Thursday, February 08, 2007

Global warming won't be fixed.

George Samuelson writes in the Washington Post of his reasons why global warming will not be addressed anytime soon.

The dirty secret about global warming is this: We have no solution. About 80 percent of the world's energy comes from fossil fuels (coal, oil, natural gas), the main sources of man-made greenhouse gases. Energy use sustains economic growth, which -- in all modern societies -- buttresses political and social stability. Until we can replace fossil fuels or find practical ways to capture their emissions, governments will not sanction the deep energy cuts that would truly affect global warming.

So, even stipulating that human activity is the main, or even a major cause of global warming, we're not going to change.

If people were serious about curbing CO2 emissions, there are lots of things that would be happening now, such as the construction of nuclear power plants. That's not happening.

Furthermore, how much of a crisis will this be, even assuming it happens precisely as the IPCC computer models predict?

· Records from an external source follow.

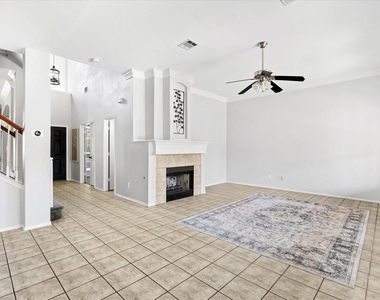 1121 London Drive - Photo Thumbnail 23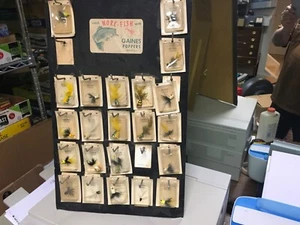Vintage Lot (22) Gaines Poppers Fishing Lures & Store Display~ Unopened Cards - Picture 1 of 5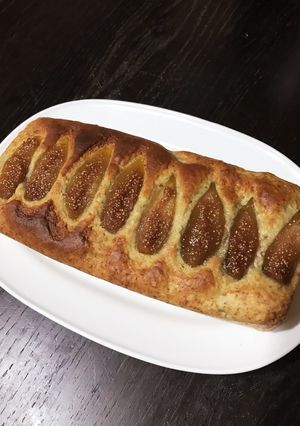 いちじくのコンポートで焼きっぱなしケーキ-レシピのメイン写真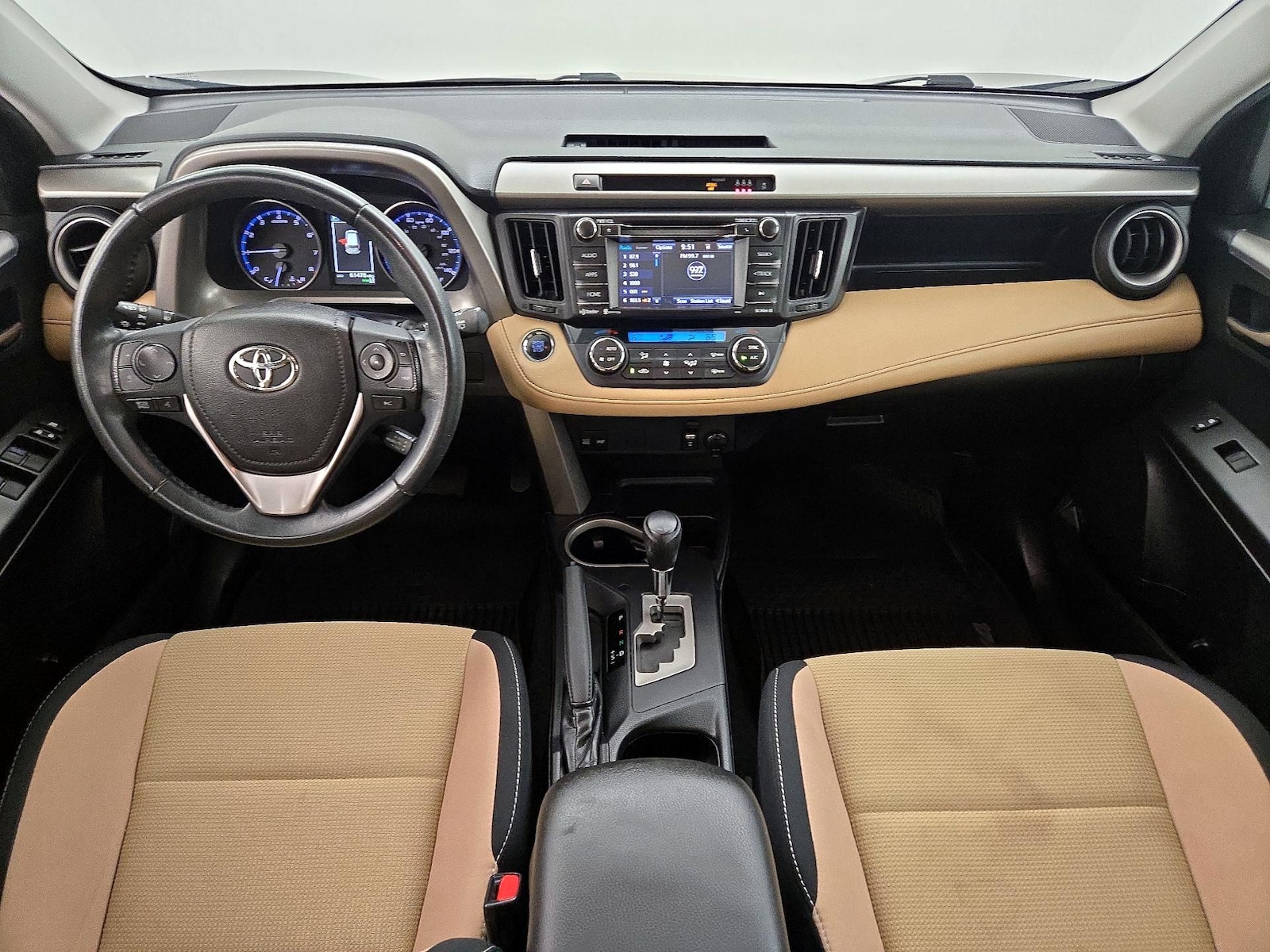 2018 Toyota RAV4 XLE - Photo 10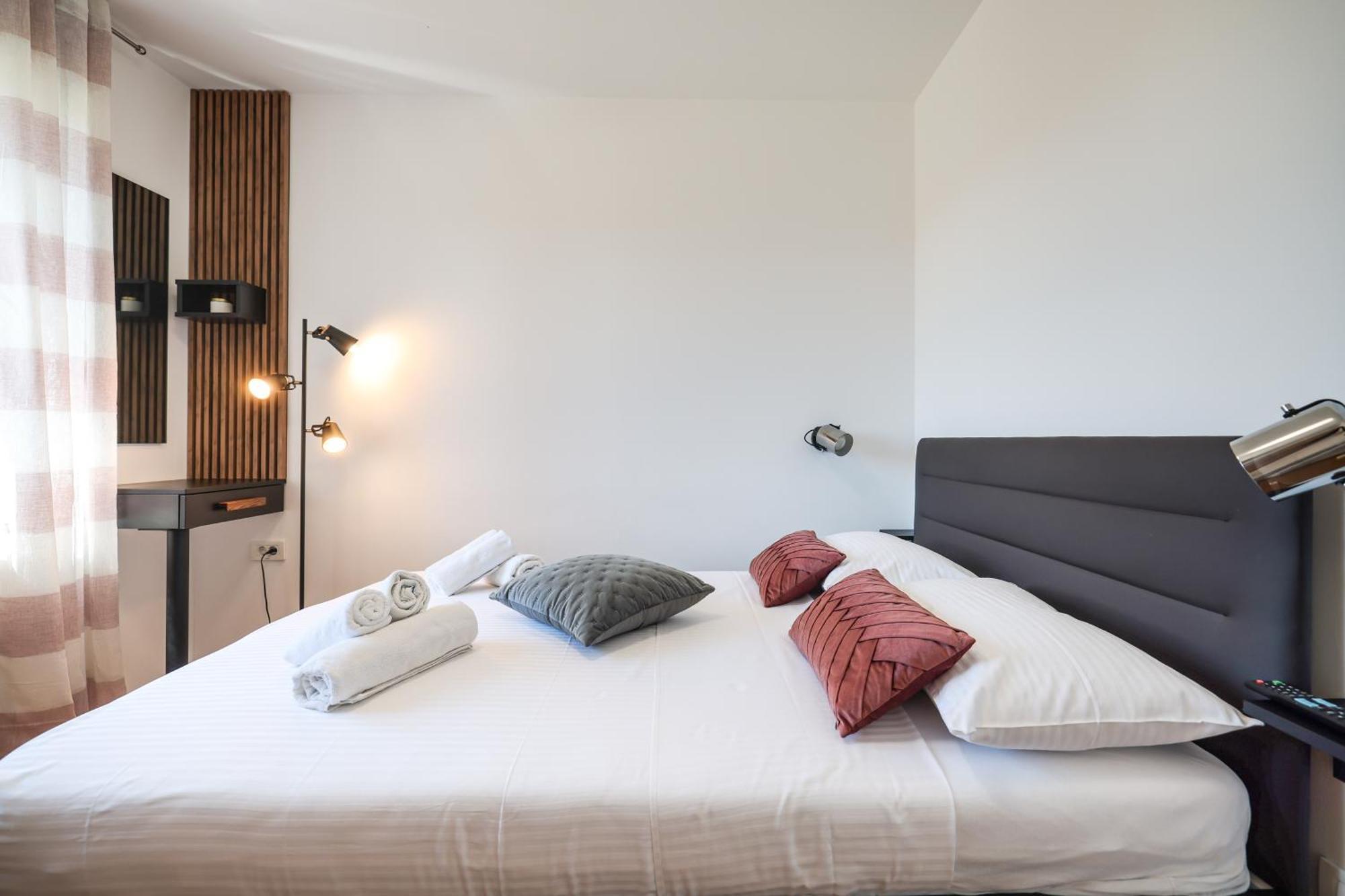 Luma Luxury Apartment With Jacuzzi Zadar Exteriör bild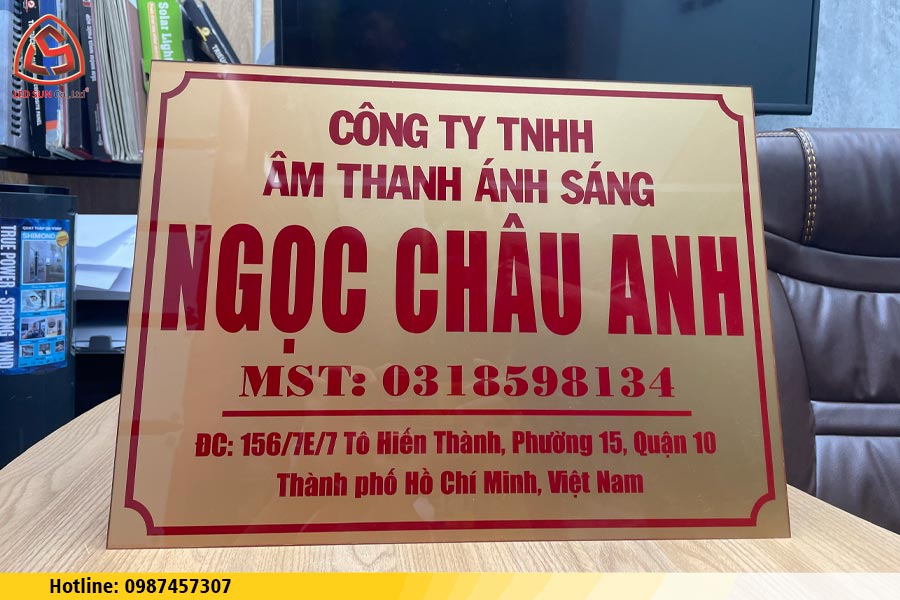 bảng tên công ty mica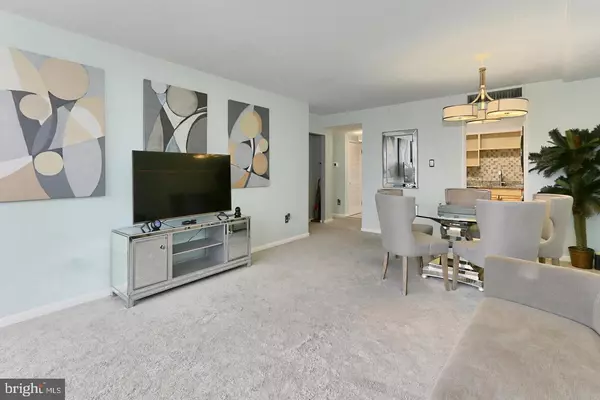 Alexandria, VA 22304,6301 STEVENSON AVE #914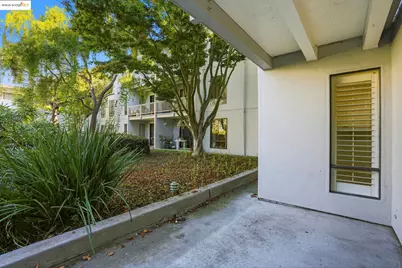 2 Admiral Drive #B276, Emeryville, CA 94608 - Photo 37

Since 1850, global temperatures have increased almost 1 degree Celsius. Sea level has risen about seven inches, though the connection is unclear. So far, global warming has been a change, not a calamity. The IPCC projects wide ranges for the next century: temperature increases from 1.1 degrees Celsius (2°F) to 6.4 degrees (11½°F); sea level rises from seven inches to almost two feet. People might easily adapt; or there might be costly disruptions (say, frequent flooding of coastal cities resulting from melting polar ice caps).

Gee. Two feet increase over a century. That's a quarter of an inch per year. Sure, we might have to make some adjustments, but I think there'd be plenty of time to make them.